Spring 2016 I had to have my left shoulder rotator cuff repaired. I weighed 273 lbs when I checked in at the surgery center. I was feeling better because my nutrition was closer to correct. Surgery and initial recovery were normal. PT was where things changed. My PT wanted not just range of motion like my prior rotator cuff PT had wanted. He wanted ROM and weight bearing capacity. This was all bands, body weight, some dumbbells/kettlebells and some machine work...but I discovered I liked weight training...a lot! My weight started climbing again but I resisted the urge to cut calories suspecting that the gain was muscle mass, not fat. A quick check with the nutritionist and some tweaks to macros and bumping up the calories again and I was off to the races.
The next several months I got into TRX then Sandbags (which are a lot of fun and I still enjoy the work). Then I found Starting Strength 3rd edition earlier this year and my world changed. When Barbell Prescription came out I devoured that as well. I had never, ever done any formal weight training. I was told at a young age I had a bad back (discovered after a bad skiing accident left me unable to walk without massive pain for a couple wekes) and that I would not be able to lift heavy things, ever. Damn.
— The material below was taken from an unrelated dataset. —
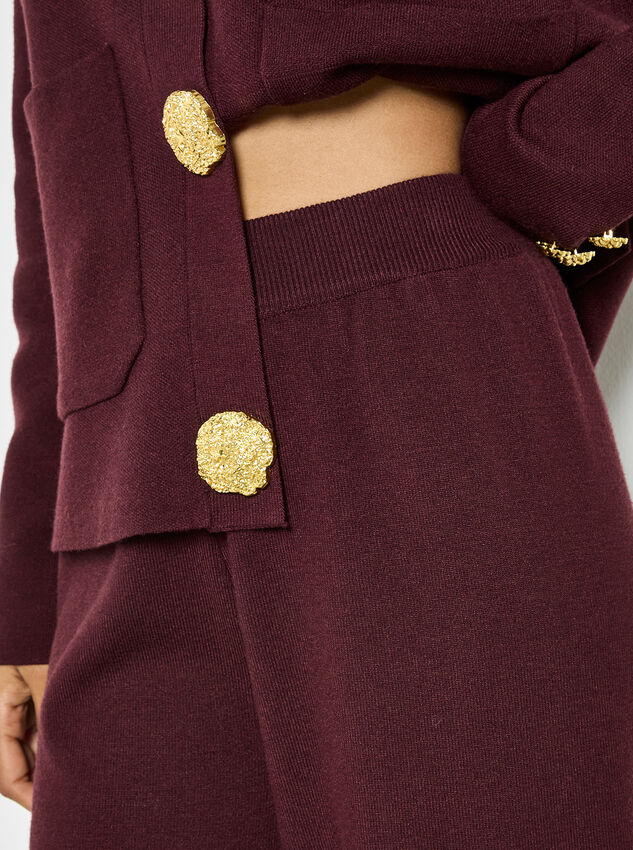 Soft Knit Wide Leg Trousers, Burgundy, large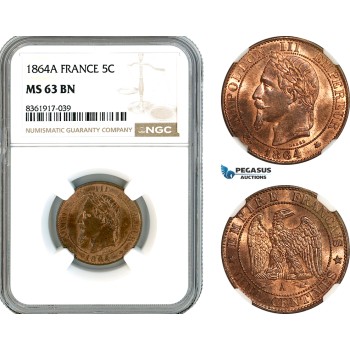 AK637, France, Napoleon III, 5 Centimes 1864 A, Paris Mint, NGC MS63BN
Today, my home gym build out is underway while I do what I can with low ceilings and tight space in the house (the gym bro factor in the campus gyms is far too high for me to tolerate...I tried, but no way). Right now I am limited on my squats to my heaviest sandbag (130 lbs) in a weird goblet-esque squat. DL was 295 lbs for five this morning. Due to shoulder issues I've been avoiding the overhead work but am checking on that and will probably play and see if the docs are wrong about that too. Bench will come when the rack gets built (hopefully this weekend). Body weight has stabilized around 295. I've lost 8% body fat over the last year down to 29% and falling (I get tested in a body pod six times a year through a research program here on campus) but my body weight hasn't really fluctuated and solid mass has gone up, as one would expect.
Would my path have been different if I had gone under the bar at 375? I don't honestly know. I most probably wouldn't have wandered off into the land of malnutrition.
By most estimates I am still obese so that makes me an obese trainee, I guess. My GP likes to tell me I am obese, then he laughs because he knows how ludicrous the BMI charts are and he has seen me at my worst. My A1c is now low normal. I once again am hypertensive because they decided to drop the threshold of hypertension, whatever. As my numbers show, my body fat % is dropping as my solid mass % climbs.
I am stronger now than I have ever been in my entire life and realizing that I allowed misinformation and ignorance to steal almost 40 years of my life. I don't know where LP will end (do any of us?) but I am determined to figure that out and see just how strong this "Elderly, obese" body can get.
I am also a volunteer EMT in the small town where I live. The other night as I was helping carry a patient out of their house on a gurney I started grinning...because I had the heavy end of the cot...only it wasn't heavy. Awesome.